# PnID parsing with SDK-experimental demo

This notebook uses Publicdata PnIDs to demonstrate how to contextualize PnIDs using cognite-sdk-python-experimental.

## Accessing CDF
This tutorial assumes you have some basic knowledge of CDF and the Python SDK. If not, please follow the 'lab' tutorials first.

For this tutorial you need access the publicdata project / tenant. If you don't have one, you can get an API-key [here](https://content.cognite.com/open-industrial-data).

## Setup
These steps wil import the SDK and some required packages. 
You can then connect a client to CDF by pasting your API key in the popup field.

In [1]:
from getpass import getpass
from cognite.experimental import CogniteClient # version=~0.22.3

In [2]:
from IPython.display import display_pdf, Image, display, display_svg
import time

In [3]:
project = "publicdata" # put your project name as string here
api_key=getpass("Please enter API key: ")
client = CogniteClient(
    api_key=api_key,
    project=project,
    client_name="DSHub",
    base_url="https://api.cognitedata.com"
)

Please enter API key:  ················································


## Gather data
We will start by finding some PnIDs and corresponding asset names to use in the processing. The PnID parsing tool only supports PDF files, so we'll restrict the search to PDF mime type.

In [4]:
client.files.list(mime_type="application/pdf").to_pandas().head()

Unnamed: 0,name,source,mimeType,metadata,dataSetId,id,uploaded,uploadedTime,createdTime,lastUpdatedTime
0,PH-ME-P-0156-001.pdf,Discovery,application/pdf,"{'__COGNITE_PNID': 'true', '__COGNITE_PNID_PAR...",2452112635370053,230063753840368,True,1586949730690,1586949728738,1587127451418
1,PH-25578-P-4110119-001.pdf,Discovery,application/pdf,"{'__COGNITE_PNID': 'true', '__COGNITE_PNID_PAR...",2452112635370053,1173477928867194,True,1586949730124,1586949728733,1587127411349
2,PH-ME-P-0152-001.pdf,Discovery,application/pdf,"{'__COGNITE_PNID': 'true', '__COGNITE_PNID_PAR...",2452112635370053,1296220000699223,True,1586949730652,1586949728743,1587127447626
3,PH-ME-P-0004-001.pdf,Discovery,application/pdf,"{'__COGNITE_PNID': 'true', '__COGNITE_PNID_PAR...",2452112635370053,2240135229528595,True,1586949729424,1586949728742,1587127486739
4,PH-ME-P-0156-002.pdf,Discovery,application/pdf,"{'__COGNITE_PNID': 'true', '__COGNITE_PNID_PAR...",2452112635370053,2694497441923100,True,1586949730695,1586949728743,1587127549067


We will use the file named `PH-ME-P-0156-001.pdf` with id `230063753840368` in the following examples. 

We can now download the file information and the file content.
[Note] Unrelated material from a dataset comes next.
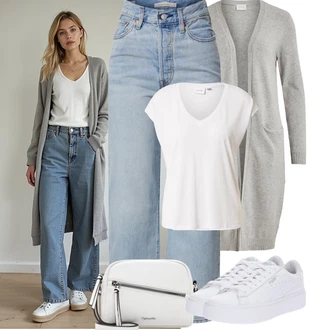 Outfit s Světle Modrá/Modrá Vintage džíny/Džíny Volného Střihu/Džín s Širokou Nohavicí/Džíny s Rozparkem/Kožená Pánská Bund/Kožená Pánská Bund/Mom Jean/Dad Džíny/Džíny Culottes levi's ® "Podzimní Outfity"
The file content is not strictly necessary, but is useful to visualize.

In [5]:
f = client.files.retrieve(230063753840368)

# Display the PDF file by downloading the content (can be skipped)
display_pdf(client.files.download_bytes(f.id), raw=True)

The PnID contextualization requires a list of tags/strings to look for in the PnID. This helps the algorithm to only return tags that actually exists. We will therefore download all asset and file data and use the asset names and file names as tags to look for.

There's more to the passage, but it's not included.